Whether you’re a foundation or a non-profit, there is an amazing community around your organization. The people and organizations in that community have wonderful stories to share that can strengthen the bonds that they feel to your organization’s mission and vision.
Catalogue for Philanthropy decided that they wanted to bring their community together through an innovative storytelling social media initiative called #whatsupwednesday. Today Aline Newman, Director of Marketing and Communications at the Catalogue for Philanthropy, is joining us for Q & A about their project.
What inspired the Catalogue of Philanthropy to start #whatsupwednesday?
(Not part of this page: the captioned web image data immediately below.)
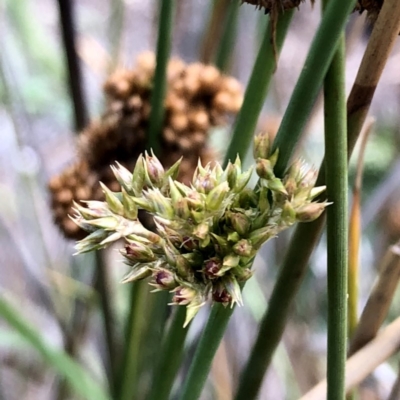 Juncus australis (Australian Rush) at Wandiyali-Environa Conservation Area - 10 Jan 2019 by Wandiyali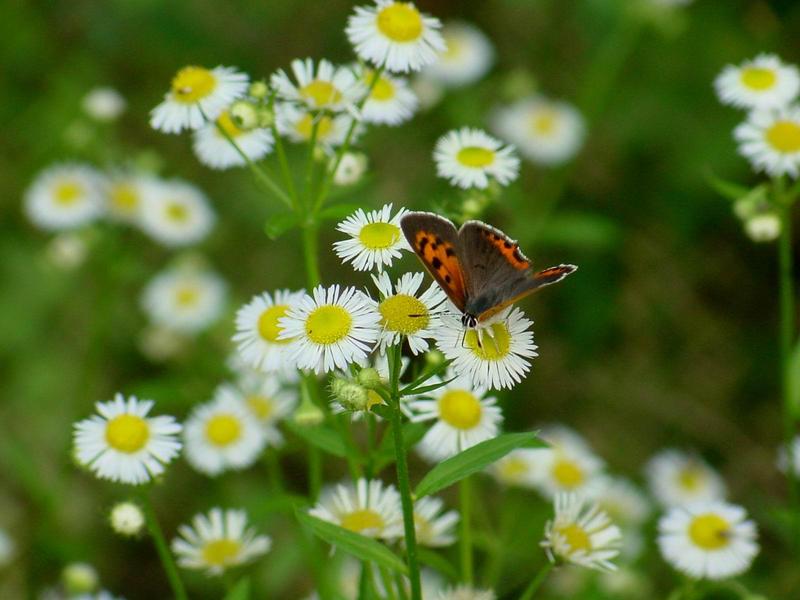 작은주홍부전나비 (Lycaena phlaeas) - Small Copper Butterfly; DISPLAY FULL IMAGE.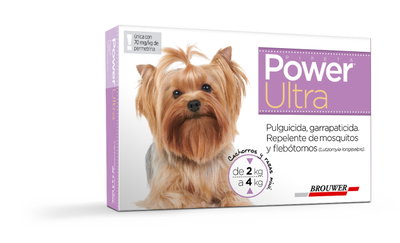 Power Ultra hasta 4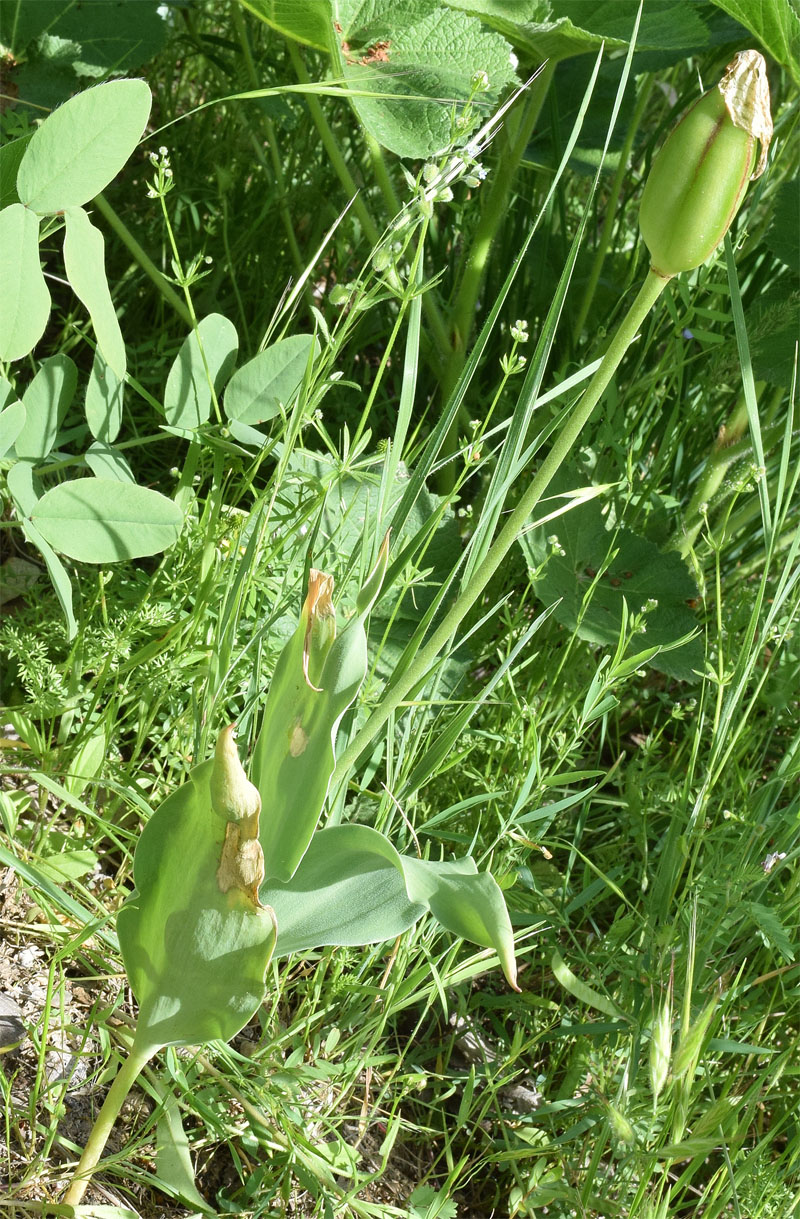 Image of Tulipa ingens specimen.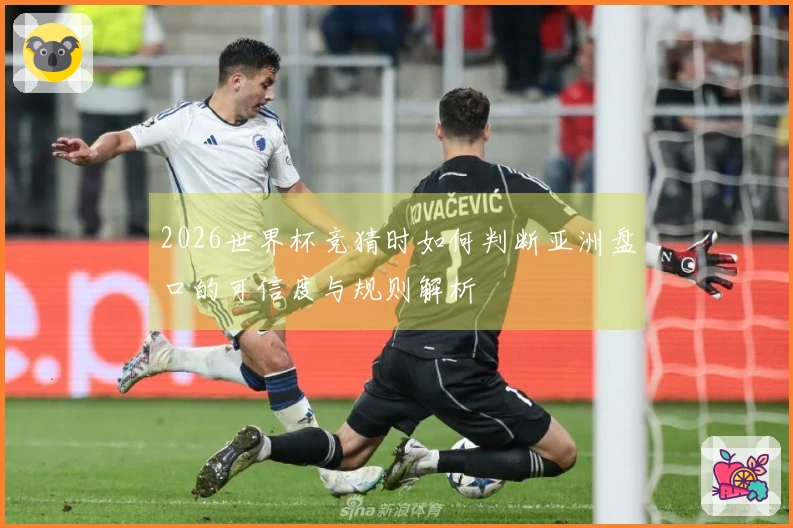 2026世界杯竞猜时如何判断亚洲盘口的可信度与规则解析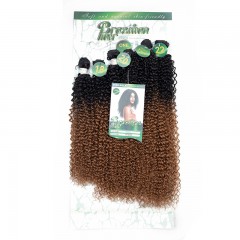 Mèches humaines avec cheveux bouclés de couleur gradient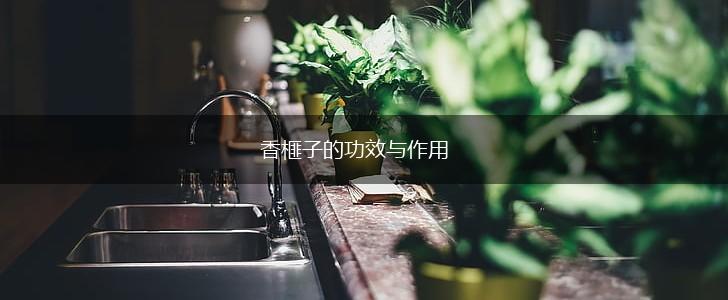 香榧子的功效与作用,第1张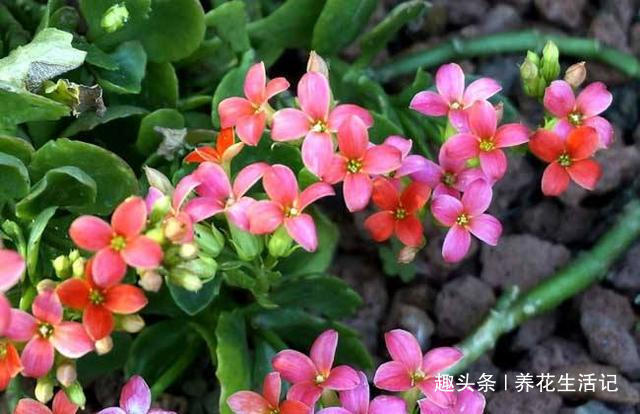 提前为长寿花,“打下”来年开花基础,这“3点”要时刻做好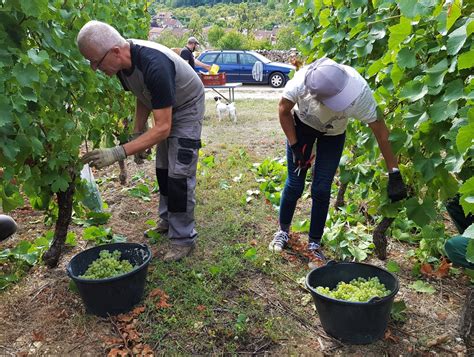 Équipe de saisonniers travaillant dans les vignes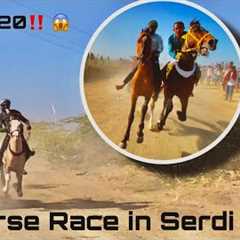 Horse Race in Serdi patti kutch / kutch horse race 🏇 #horse #horserace 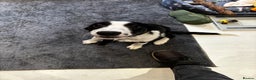 Sprollie dogs for sale: Freddie - Border collie x Sprollie - Advert 2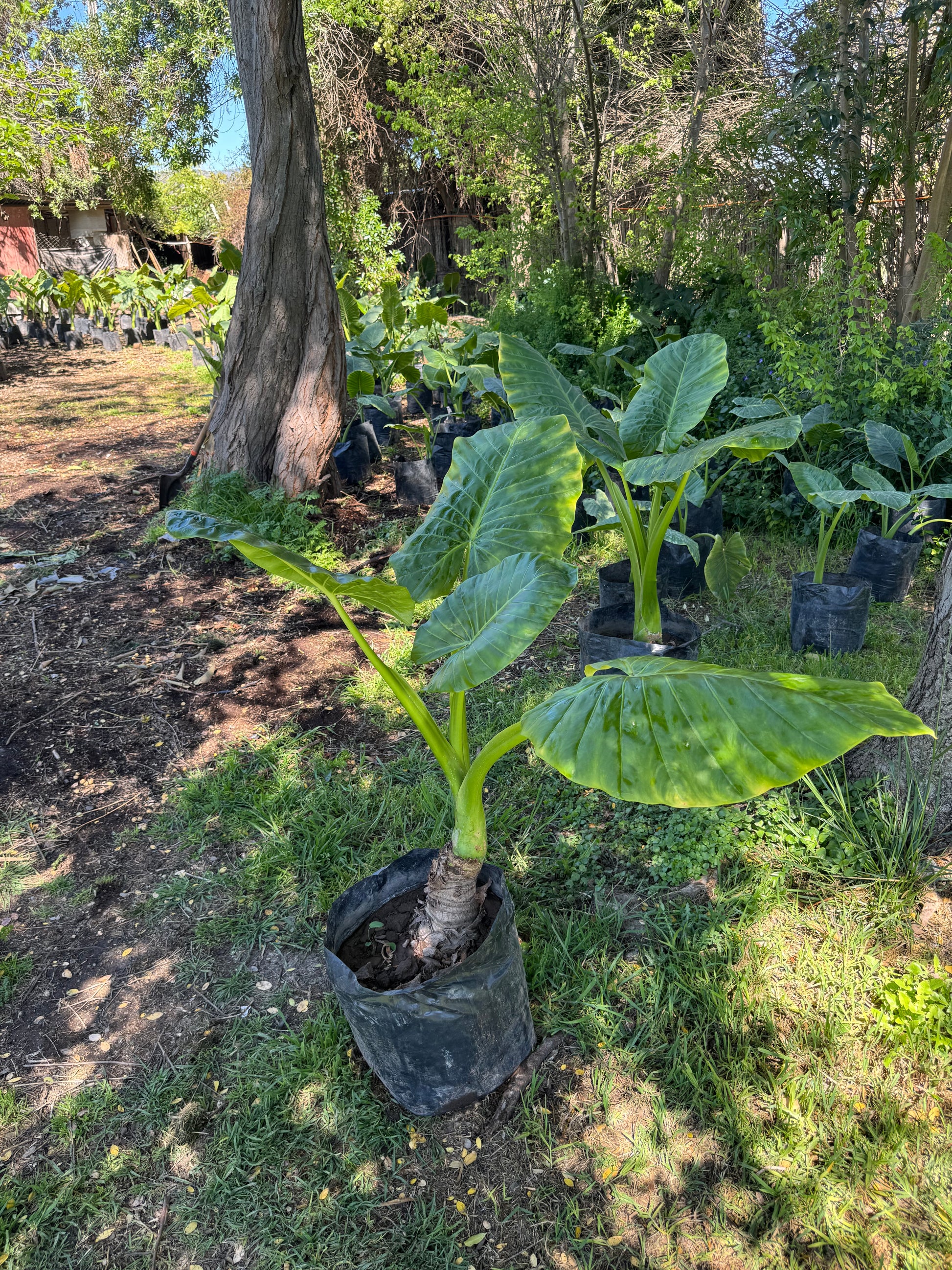 Mantos de Eva Grandes altura 150 centímetros aprox., en bolsa.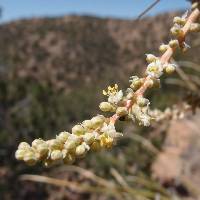 Nolina microcarpa image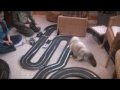 Go-Kart Kazzie and the Circuit de Vesta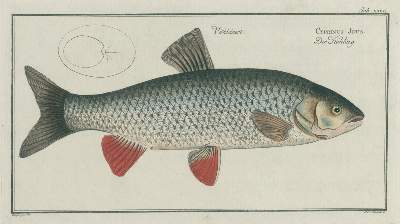 Bild Nr.5: 137-1494 Bloch,M:E.: (Zoologie, Fische)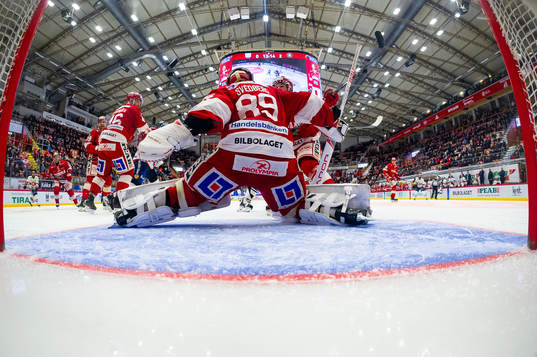 Timrås målvakt Niklas Svedberg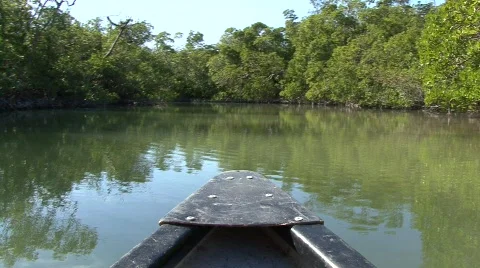 Mangroves Video stock 630733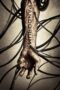 Nonton film Streaming Pandorum (2009) subtitle Bahasa Indonesia Nonton film Streaming Pandorum (2009) subtitle Bahasa Indonesia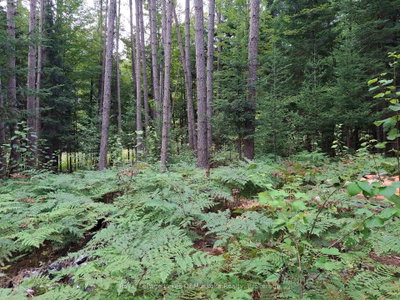 1318 Old North Road • Huntsville, ON photo 2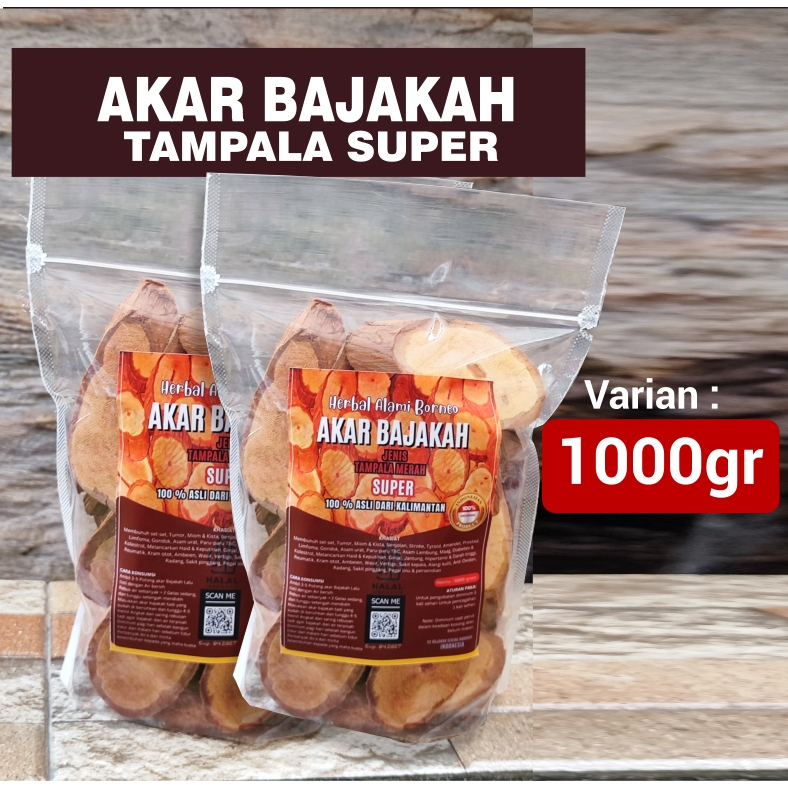 

AKAR BAJAKAH TAMPALA SUPER (1 KG) ASLI KALIMANTAN 100% ORIGINAL
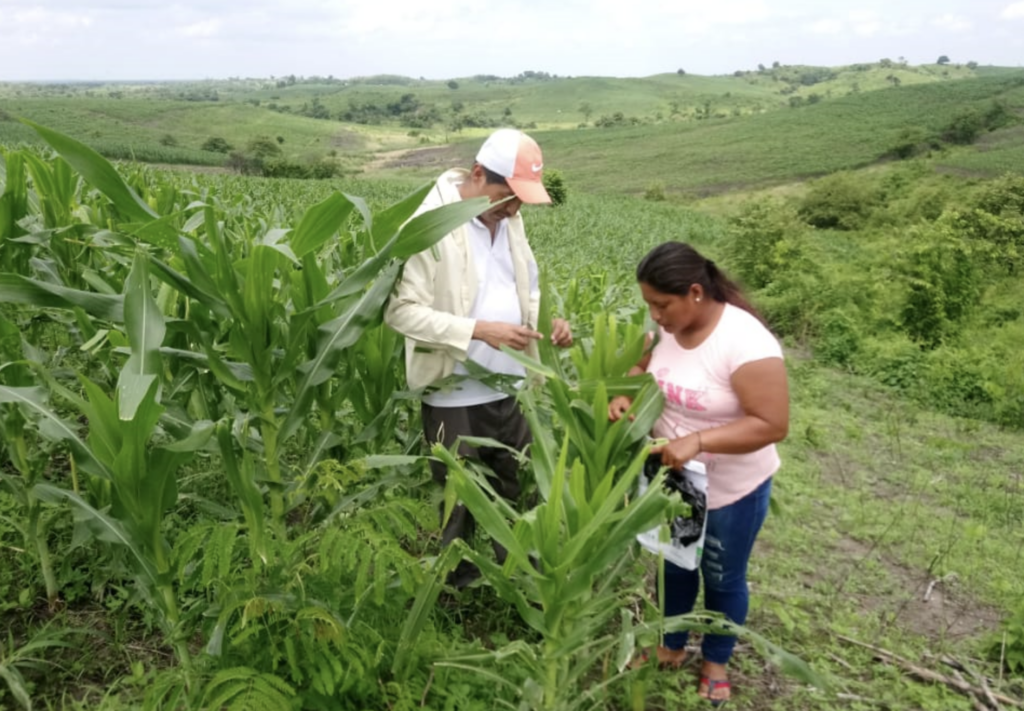 Cultivos asegurados.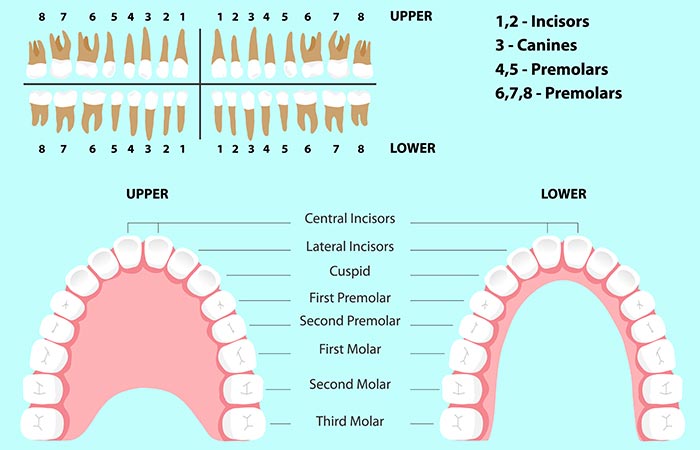 Children have the following set of milk teeth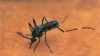 Mosquito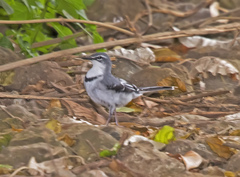 Motacilla clara
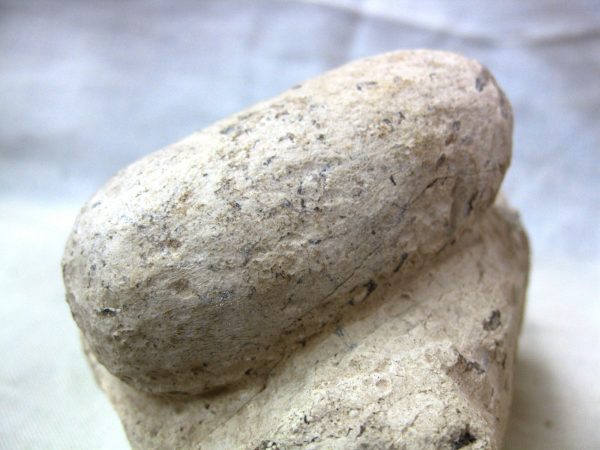 Fossil Crocodile Egg #19 - Image 3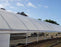 SolaWrap Greenhouse Plastic - 5' x 328'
Answer: At the Catalogue for Philanthropy: Greater Washington, our mission is to connect citizens with worthy community causes. Each November we feature ~75 of Greater Washington’s best small charities in a Catalogue that is distributed to over 25,000 people in the region (charities are selected out of 200 applicants, each of which are thoroughly vetted by a team of reviewers).
While interest in charitable giving is traditionally highest during the holiday season (when our Catalogue is distributed), we wanted a way to keep people informed about the everyday work that our charities do during the other 11 months of the year. We created #whatsupwednesday as a social storytelling platform that our network of more than 300 charities can use to promote their cause and engage audiences on a regular basis.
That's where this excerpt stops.